Néanmoins, d’autres versions du traité étaient disponibles en anglais, mandarin, et mongol. Il y en avait même une en tibétain - résultant, comme celle en mandarin, d’une traduction de l’anglais (!) - réalisée par Tsepon W.D. Shakabpa [3] – et, avant que n’apparaisse le document original en tibétain, c’était la seule version accessible pour ceux qui lisent le tibétain.
La version en anglais résultait quant à elle d’une traduction d’une version en russe, cette dernière ayant probablement été rédigée à partir d’un rapport officieux des Mongols relatant l’original. Aucune de ces autres versions ne donnait une vue exhaustive de toutes les parties du texte original en tibétain, mais elles sont étonnamment fidèles à l’original sur le fond.

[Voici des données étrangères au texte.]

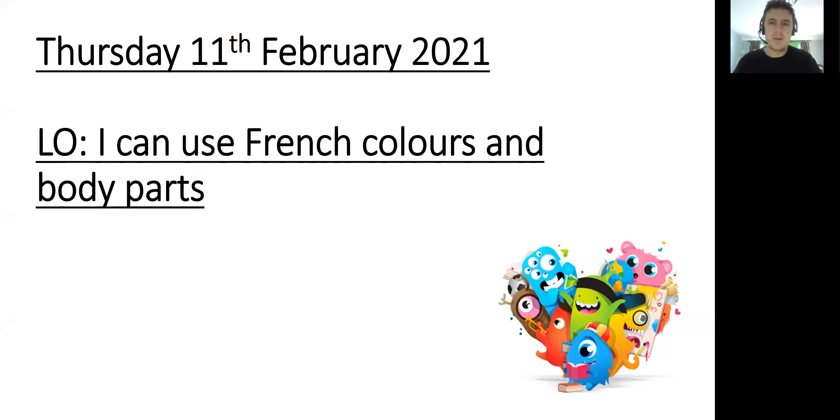Bonjour! Good morning, Year 4, and welcome to today's French lesson. We are finishing off today what we have been learning about this term to do with colours and with body parts, and today we're going to merge the two together so we have some French coloured body parts.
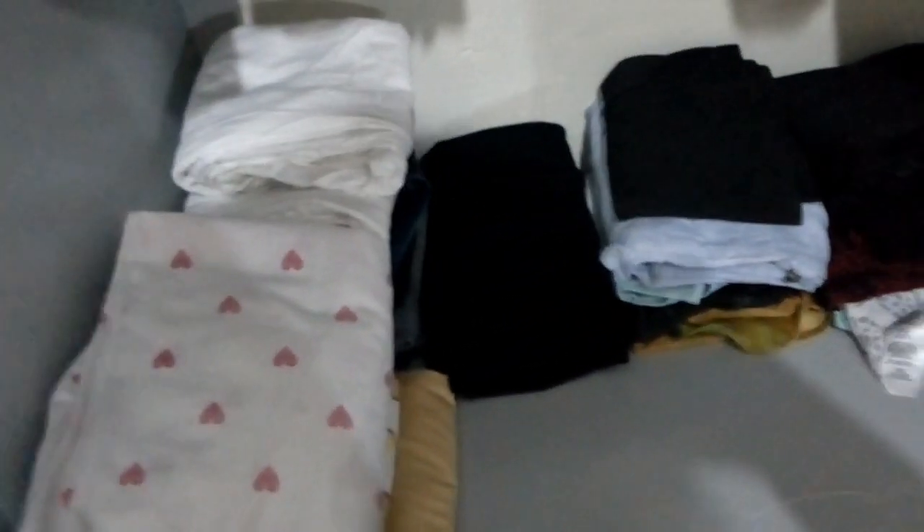My trousers are here, my skirts, and some of my weekend tops. Then these are camisoles and sleeveless tops for weekends, and these are camisoles and sleeveless wear for the office.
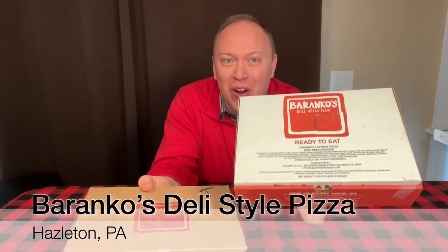What's up, guys? Today we are trying the new Barranco's Deli-Style Pizza out of Hazleton. As we know, Hazleton, Pennsylvania is very famous for their cold box pizza. Some people call it tavern pizza, some people call it box pizza, some people just call it pizza.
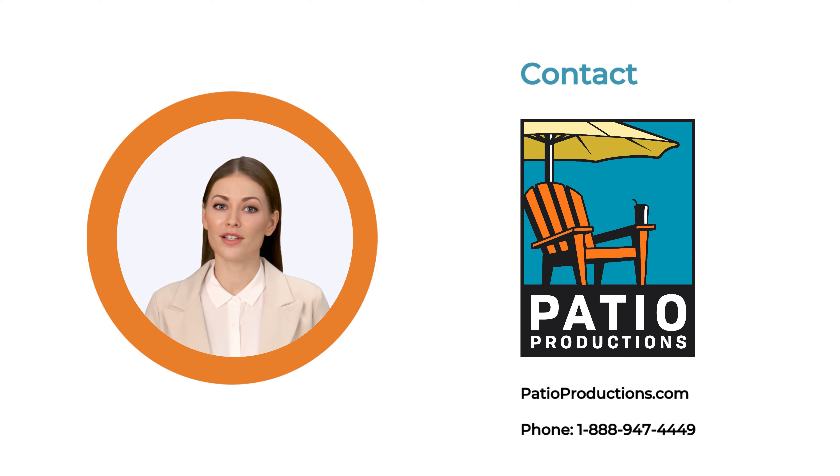Visit patioproductions.com to find the perfect covers for your outdoor furniture needs. Be sure to store the covers properly when not in use. For a more in-depth look at choosing patio furniture covers, see the link in the description to read the full article. Thanks for watching.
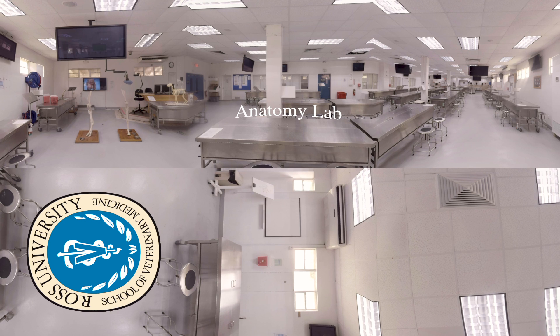Many students choose to go beyond and gain exposure to exotic species like marine mammals and primates through elective coursework.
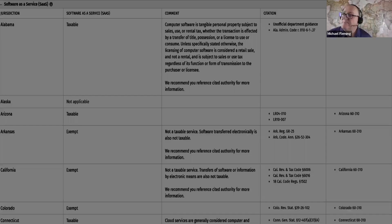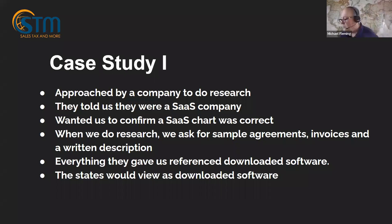Now let's look at a case study. We were approached by a company to do research — they told us they were a SaaS company and wanted us to confirm that their chart was correct.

En résumé, les traductions se sont enchaînées à partir de la pièce originale en tibétain, qui fut d’abord traduite en mongol, puis cette version fut convertie en russe, elle-même traduite en anglais. Ce dernier a ensuite été traduit d’un côté en mandarin, et de l’autre en tibétain (par Shakabpa) à nouveau (avec des différences par rapport à l’original en tibétain).
Q : Quelle est la signification historique de ce traité daté de 1913 ?
E.S. : Sachant que l’existence même de ce traité était parfois mise en doute, la redécouverte du document original est très importante au niveau historique. Sa portée vient surtout du fait qu’il s’agit d’un document officiel dans lequel, conjointement, le Tibet et la Mongolie reconnaissent mutuellement leur indépendance, suite à l’effondrement de la Dynastie Qing.
Q : La Chine conteste l’existence et la validité de ce traité. Sur quelles bases ?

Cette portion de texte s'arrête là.